Spanish literature makes its entrance at the Teatro Tram in Naples: from 17 to 27 February, the play “Blood Wedding”, a theatrical drama written by Federico Garcia Lorca, adapted and directed by Gianmarco Cesario, a show that closes the second cycle of the season at the theatre in via Port'Alba.
A raw story, with a very strong directorial choice, that of having men also play the female roles: Pietro Juliano, Leonardo Di Costanzo and Guido Di Geronimo, who are on stage with Germana Di Marino and the dancers Adriana Napolitano and Ilaria Leone.
Unnamed characters whose story begins from a terrible past that moves towards an event that, by its nature, should be happy: the future marriage of a young man whose mother has seen her husband and other son die in a feud.
However, the wedding does not seem to be starting under the best auspices: the rumours circulating about the bride-to-be's reputation are not flattering and this cannot help but worry the Mother.
Federico Garcia Lorca left us on August 19, 1936, just over 85 years ago, at the hands of Franco's guards. His dream of freedom was shattered under the axe of a dictator, a written destiny, like the one that the protagonists of "Bodas de Sangre", the first chapter of his trilogy on love, do not escape.
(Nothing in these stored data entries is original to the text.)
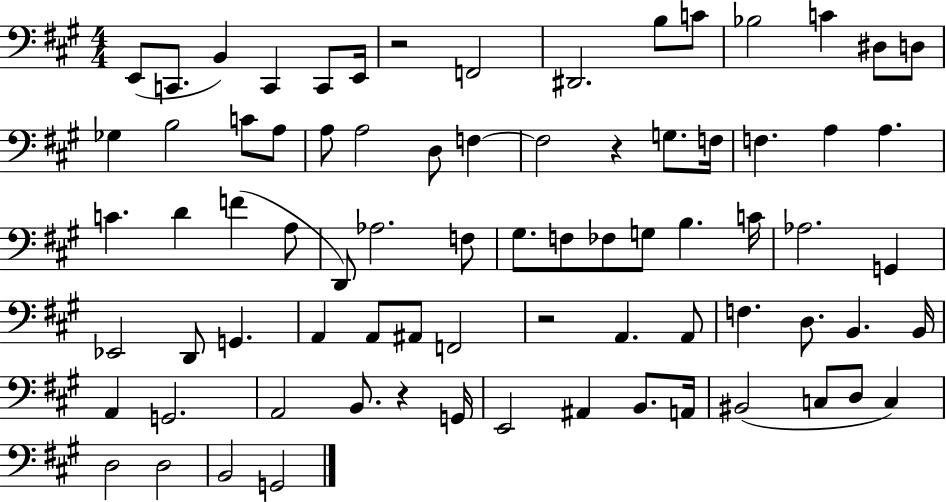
X:1
T:Untitled
M:4/4
L:1/4
K:A
E,,/2 C,,/2 B,, C,, C,,/2 E,,/4 z2 F,,2 ^D,,2 B,/2 C/2 _B,2 C ^D,/2 D,/2 _G, B,2 C/2 A,/2 A,/2 A,2 D,/2 F, F,2 z G,/2 F,/4 F, A, A, C D F A,/2 D,,/2 _A,2 F,/2 ^G,/2 F,/2 _F,/2 G,/2 B, C/4 _A,2 G,, _E,,2 D,,/2 G,, A,, A,,/2 ^A,,/2 F,,2 z2 A,, A,,/2 F, D,/2 B,, B,,/4 A,, G,,2 A,,2 B,,/2 z G,,/4 E,,2 ^A,, B,,/2 A,,/4 ^B,,2 C,/2 D,/2 C, D,2 D,2 B,,2 G,,2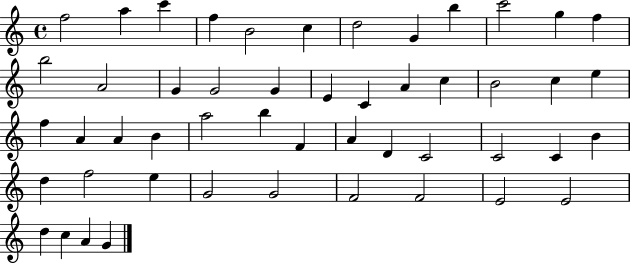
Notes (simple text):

F5/h A5/q C6/q F5/q B4/h C5/q D5/h G4/q B5/q C6/h G5/q F5/q B5/h A4/h G4/q G4/h G4/q E4/q C4/q A4/q C5/q B4/h C5/q E5/q F5/q A4/q A4/q B4/q A5/h B5/q F4/q A4/q D4/q C4/h C4/h C4/q B4/q D5/q F5/h E5/q G4/h G4/h F4/h F4/h E4/h E4/h D5/q C5/q A4/q G4/q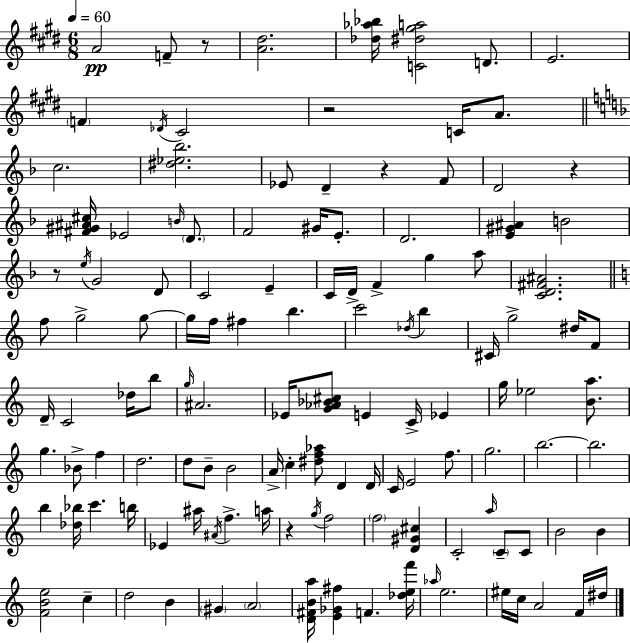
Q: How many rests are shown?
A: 6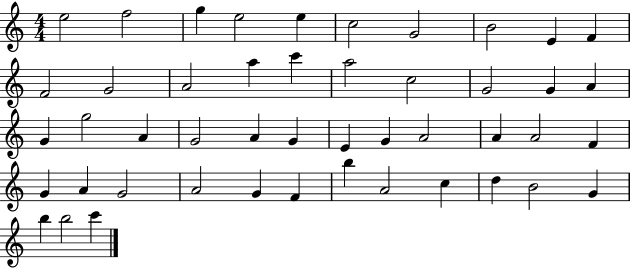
E5/h F5/h G5/q E5/h E5/q C5/h G4/h B4/h E4/q F4/q F4/h G4/h A4/h A5/q C6/q A5/h C5/h G4/h G4/q A4/q G4/q G5/h A4/q G4/h A4/q G4/q E4/q G4/q A4/h A4/q A4/h F4/q G4/q A4/q G4/h A4/h G4/q F4/q B5/q A4/h C5/q D5/q B4/h G4/q B5/q B5/h C6/q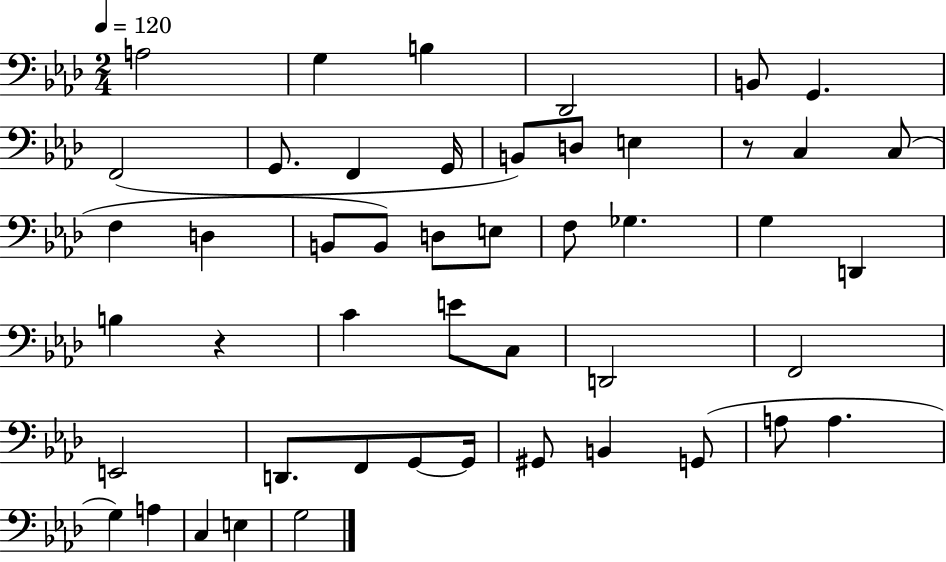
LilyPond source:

{
  \clef bass
  \numericTimeSignature
  \time 2/4
  \key aes \major
  \tempo 4 = 120
  a2 | g4 b4 | des,2 | b,8 g,4. | \break f,2( | g,8. f,4 g,16 | b,8) d8 e4 | r8 c4 c8( | \break f4 d4 | b,8 b,8) d8 e8 | f8 ges4. | g4 d,4 | \break b4 r4 | c'4 e'8 c8 | d,2 | f,2 | \break e,2 | d,8. f,8 g,8~~ g,16 | gis,8 b,4 g,8( | a8 a4. | \break g4) a4 | c4 e4 | g2 | \bar "|."
}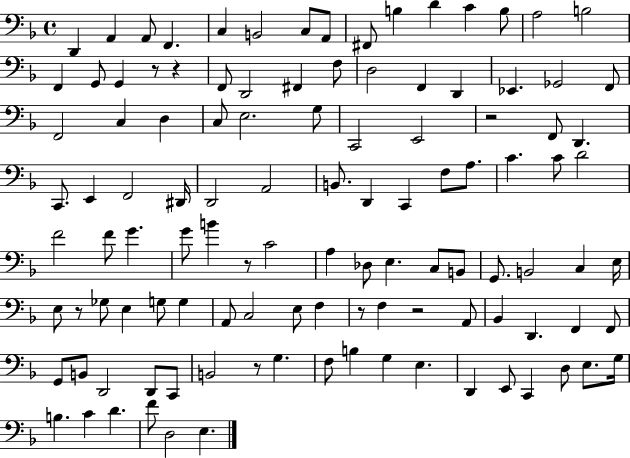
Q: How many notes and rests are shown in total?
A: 113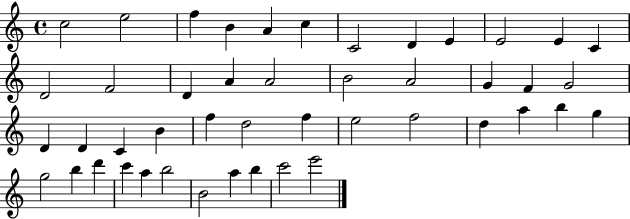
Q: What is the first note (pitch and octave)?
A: C5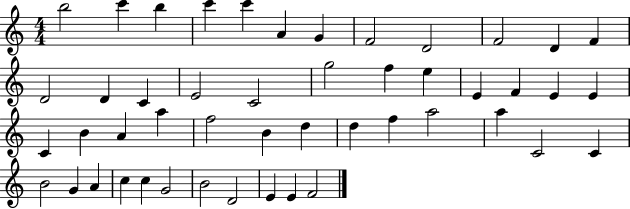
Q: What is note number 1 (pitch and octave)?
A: B5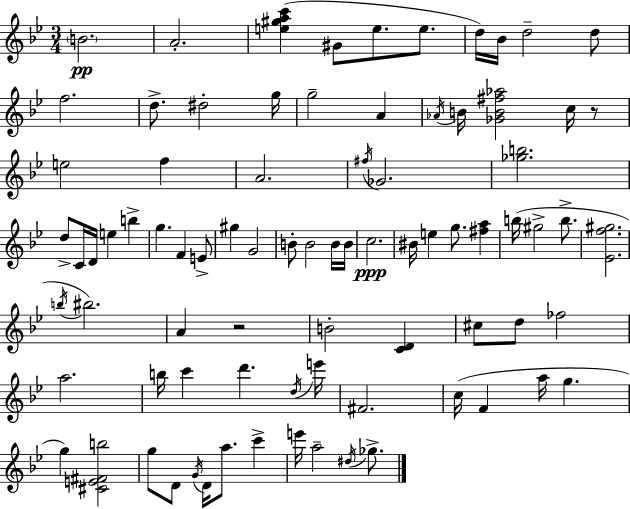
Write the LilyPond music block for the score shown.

{
  \clef treble
  \numericTimeSignature
  \time 3/4
  \key g \minor
  \parenthesize b'2.\pp | a'2.-. | <e'' gis'' a'' c'''>4( gis'8 e''8. e''8. | d''16) bes'16 d''2-- d''8 | \break f''2. | d''8.-> dis''2-. g''16 | g''2-- a'4 | \acciaccatura { aes'16 } b'16 <ges' b' fis'' aes''>2 c''16 r8 | \break e''2 f''4 | a'2. | \acciaccatura { fis''16 } ges'2. | <ges'' b''>2. | \break d''8-> c'16 d'16 e''4 b''4-> | g''4. f'4 | e'8-> gis''4 g'2 | b'8-. b'2 | \break b'16 b'16 c''2.\ppp | bis'16 e''4 g''8. <fis'' a''>4 | b''16( gis''2-> b''8.-> | <ees' f'' gis''>2. | \break \acciaccatura { b''16 }) bis''2. | a'4 r2 | b'2-. <c' d'>4 | cis''8 d''8 fes''2 | \break a''2. | b''16 c'''4 d'''4. | \acciaccatura { d''16 } e'''16 fis'2. | c''16( f'4 a''16 g''4. | \break g''4) <cis' e' fis' b''>2 | g''8 d'8 \acciaccatura { g'16 } d'16 a''8. | c'''4-> e'''16 a''2-- | \acciaccatura { dis''16 } ges''8.-> \bar "|."
}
Behind an apparent story of betrayal and crime of honor, in fact, he tells the tragedy of the impossibility of Spanish society to escape from rules that limited living freely.
The sexist and retrograde jokes of the Mother character, in which a woman is considered smart if she is able to “make bread and sew her own skirts” while remaining locked in the house, building “a wall in front of” herself, bring us back to the restrictive obligations typical of a dictatorship.